I’m delighted to be reviewing “Lying and Dying”, by Graham Brack. It’s due to be published on 1st August.
About the book:
What do you do when the poison comes from within…?
The body of a young woman is found strangled by the side of the road. There are no obvious clues to what happened, apart from the discovery of a large amount of cash concealed on her person.
Lieutenant Josef Slonský is put in charge of the case. With a wry sense of humour, a strong stubborn streak and a penchant for pastries, Slonský is not overly popular with the rest of the police force. But he is paired with the freshly-graduated, overly-eager Navrátil, whom he immediately takes under his wing.
When fingers start to point inwards to someone familiar with police operations, Slonský and Navrátil are put in a difficult position.
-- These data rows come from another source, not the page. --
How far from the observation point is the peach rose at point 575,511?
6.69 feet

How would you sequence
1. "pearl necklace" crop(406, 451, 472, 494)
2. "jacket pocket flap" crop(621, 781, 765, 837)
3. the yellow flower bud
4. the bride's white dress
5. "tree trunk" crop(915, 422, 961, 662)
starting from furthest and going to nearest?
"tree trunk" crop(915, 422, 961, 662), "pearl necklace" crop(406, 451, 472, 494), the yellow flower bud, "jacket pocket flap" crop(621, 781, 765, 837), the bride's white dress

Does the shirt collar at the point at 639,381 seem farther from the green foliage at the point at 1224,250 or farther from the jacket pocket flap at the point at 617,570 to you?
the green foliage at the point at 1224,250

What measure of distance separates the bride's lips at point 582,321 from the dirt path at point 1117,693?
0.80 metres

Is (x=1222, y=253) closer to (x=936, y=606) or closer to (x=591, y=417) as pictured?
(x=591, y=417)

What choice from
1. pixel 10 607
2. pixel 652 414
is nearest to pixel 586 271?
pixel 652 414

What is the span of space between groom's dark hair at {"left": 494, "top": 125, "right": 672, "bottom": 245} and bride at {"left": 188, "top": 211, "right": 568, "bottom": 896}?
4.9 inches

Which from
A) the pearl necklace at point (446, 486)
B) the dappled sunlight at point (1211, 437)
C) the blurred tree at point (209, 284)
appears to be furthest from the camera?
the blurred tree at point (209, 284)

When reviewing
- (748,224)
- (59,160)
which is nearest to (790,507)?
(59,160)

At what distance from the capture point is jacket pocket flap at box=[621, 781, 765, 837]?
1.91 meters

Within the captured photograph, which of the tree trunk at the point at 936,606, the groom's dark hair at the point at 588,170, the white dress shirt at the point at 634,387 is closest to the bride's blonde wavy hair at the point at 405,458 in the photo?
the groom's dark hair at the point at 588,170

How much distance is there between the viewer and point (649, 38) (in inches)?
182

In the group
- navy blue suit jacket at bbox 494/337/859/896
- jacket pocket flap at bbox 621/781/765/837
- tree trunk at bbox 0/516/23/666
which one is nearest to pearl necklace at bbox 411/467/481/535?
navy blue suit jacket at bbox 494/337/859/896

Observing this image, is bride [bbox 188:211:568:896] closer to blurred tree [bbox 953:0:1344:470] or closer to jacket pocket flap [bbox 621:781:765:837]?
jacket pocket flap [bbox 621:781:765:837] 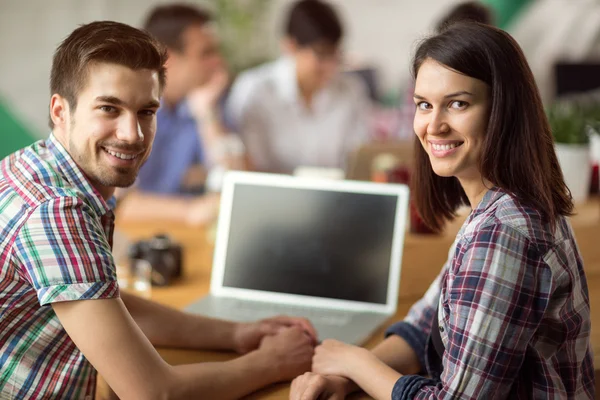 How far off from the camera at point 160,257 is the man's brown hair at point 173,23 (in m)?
1.36

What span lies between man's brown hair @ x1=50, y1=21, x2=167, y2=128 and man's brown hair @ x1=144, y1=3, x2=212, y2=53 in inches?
70.2

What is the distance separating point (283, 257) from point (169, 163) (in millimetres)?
1660

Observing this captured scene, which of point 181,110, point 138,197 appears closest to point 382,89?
point 181,110

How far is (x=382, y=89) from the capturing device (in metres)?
6.34

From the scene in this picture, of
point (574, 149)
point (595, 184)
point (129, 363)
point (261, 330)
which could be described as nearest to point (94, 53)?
point (129, 363)

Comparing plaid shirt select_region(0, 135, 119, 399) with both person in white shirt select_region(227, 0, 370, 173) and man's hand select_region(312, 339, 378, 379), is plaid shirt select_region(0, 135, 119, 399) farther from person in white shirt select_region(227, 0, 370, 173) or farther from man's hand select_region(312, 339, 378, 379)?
person in white shirt select_region(227, 0, 370, 173)

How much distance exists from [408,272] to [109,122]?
0.84 metres

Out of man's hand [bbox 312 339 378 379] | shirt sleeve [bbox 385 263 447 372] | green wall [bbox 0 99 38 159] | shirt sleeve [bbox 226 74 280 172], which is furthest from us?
green wall [bbox 0 99 38 159]

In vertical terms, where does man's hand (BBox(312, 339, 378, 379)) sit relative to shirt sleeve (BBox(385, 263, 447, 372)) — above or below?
below

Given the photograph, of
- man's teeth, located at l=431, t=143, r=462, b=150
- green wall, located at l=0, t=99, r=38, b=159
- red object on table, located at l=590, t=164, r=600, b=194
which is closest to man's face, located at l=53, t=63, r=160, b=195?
man's teeth, located at l=431, t=143, r=462, b=150

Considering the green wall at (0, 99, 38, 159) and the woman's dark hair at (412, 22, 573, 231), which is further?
the green wall at (0, 99, 38, 159)

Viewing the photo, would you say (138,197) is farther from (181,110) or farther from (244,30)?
(244,30)

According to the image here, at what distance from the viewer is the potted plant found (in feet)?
7.08

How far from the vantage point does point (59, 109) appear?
1.28 meters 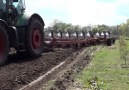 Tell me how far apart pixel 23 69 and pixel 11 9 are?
3273 mm

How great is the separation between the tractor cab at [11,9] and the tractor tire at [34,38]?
0.68 meters

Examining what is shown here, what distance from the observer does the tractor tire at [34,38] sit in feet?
46.6

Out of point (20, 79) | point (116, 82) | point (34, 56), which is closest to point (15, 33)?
point (34, 56)

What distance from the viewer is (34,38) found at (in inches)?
587

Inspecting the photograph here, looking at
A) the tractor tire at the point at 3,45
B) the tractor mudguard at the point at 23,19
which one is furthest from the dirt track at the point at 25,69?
the tractor mudguard at the point at 23,19

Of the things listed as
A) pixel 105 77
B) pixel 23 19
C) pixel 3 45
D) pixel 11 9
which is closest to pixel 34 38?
pixel 23 19

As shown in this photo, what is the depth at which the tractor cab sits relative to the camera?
13453 mm

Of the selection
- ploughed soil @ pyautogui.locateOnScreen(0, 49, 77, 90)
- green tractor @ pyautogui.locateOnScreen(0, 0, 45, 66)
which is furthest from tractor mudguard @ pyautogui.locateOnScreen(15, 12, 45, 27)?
ploughed soil @ pyautogui.locateOnScreen(0, 49, 77, 90)

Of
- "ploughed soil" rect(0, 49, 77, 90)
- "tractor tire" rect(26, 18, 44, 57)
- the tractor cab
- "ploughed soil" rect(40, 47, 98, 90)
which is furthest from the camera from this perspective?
"tractor tire" rect(26, 18, 44, 57)

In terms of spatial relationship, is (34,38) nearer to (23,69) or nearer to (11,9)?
(11,9)

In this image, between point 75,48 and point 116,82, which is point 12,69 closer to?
point 116,82

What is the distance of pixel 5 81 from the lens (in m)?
9.61

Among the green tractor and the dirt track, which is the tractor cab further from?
the dirt track

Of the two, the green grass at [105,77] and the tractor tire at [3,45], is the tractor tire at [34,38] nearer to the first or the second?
the tractor tire at [3,45] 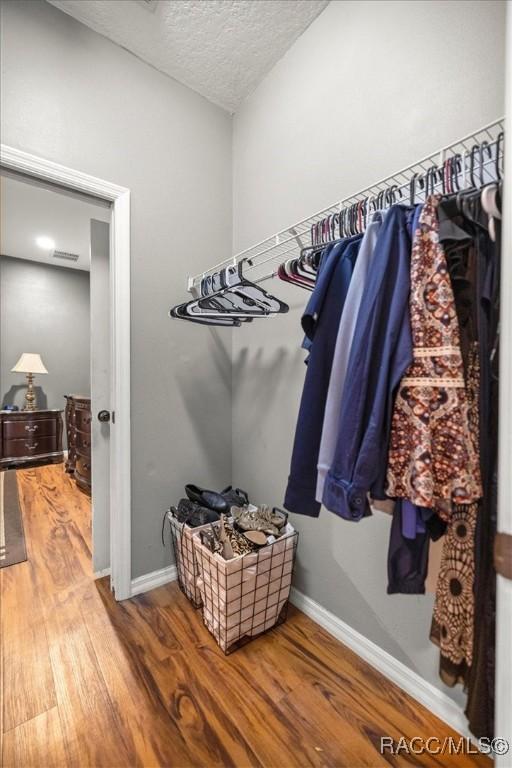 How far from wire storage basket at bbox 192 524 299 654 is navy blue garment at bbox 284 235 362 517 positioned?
69 centimetres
If what they suspect is true, how deep does the corruption run? Are they willing to risk their careers in their pursuit of the truth?
Anyone could be lying – and others may be in danger of dying.
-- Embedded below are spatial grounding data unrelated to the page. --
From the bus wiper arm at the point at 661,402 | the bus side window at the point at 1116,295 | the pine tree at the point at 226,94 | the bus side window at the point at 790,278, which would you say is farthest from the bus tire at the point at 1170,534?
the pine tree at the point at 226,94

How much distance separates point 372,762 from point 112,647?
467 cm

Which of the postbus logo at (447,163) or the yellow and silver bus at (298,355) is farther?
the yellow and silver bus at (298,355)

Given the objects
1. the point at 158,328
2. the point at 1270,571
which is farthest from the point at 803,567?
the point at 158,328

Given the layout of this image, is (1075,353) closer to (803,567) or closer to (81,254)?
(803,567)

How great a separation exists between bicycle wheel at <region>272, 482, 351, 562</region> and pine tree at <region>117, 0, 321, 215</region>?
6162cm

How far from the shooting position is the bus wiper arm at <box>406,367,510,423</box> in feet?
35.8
LYING AND DYING is the first international crime thriller in the detective series featuring Lieutenant Josef Slonský: an atmospheric police procedural full of dark humour.
JOSEF SLONSKÝ INVESTIGATIONS SERIES
BOOK ONE: Lying and Dying
BOOK TWO: Slaughter and Forgetting
BOOK THREE: Coming Soon!
*** NOTE: LYING AND DYING WAS PREVIOUSLY PUBLISHED AS THE OUTRAGEOUS BEHAVIOUR OF LEFT-HANDED DWARVES ***
The book opens with the discovery of a dead woman on the road, who is concealing a large amount of cash. Lieutenant Josef Slonský is on the case, along with his new partner, Navrátil, who has recently graduated.
With few clues to the woman’s identity, a picture is placed in the papers. In response, they receive a photograph of someone very familiar. Is it a case of corruption, or something bigger?
The novel is set in Prague in a cold February. It’s the first time I’ve read a book set in that particular part of Europe. I found the plot intriguing, it certainly kept the pages turning. I kept having to reread bits as the twists just kept coming and whilst I tried to work out whodunnit the author did a very good job of leading me up the garden path.
I loved the character of Slonský. He is hilarious, he drives all of his colleagues nuts and he is obsessed with food (he reminded me a bit of Montalbano). He is thought of as lazy, but he insists he just needs brain fuel. Navrátil does a good job of mostly asking questions on the reader’s behalf, but there are occasions when he proves he has brains.
I really enjoyed the novel and look forward to reading more from the author. I would give it 4*.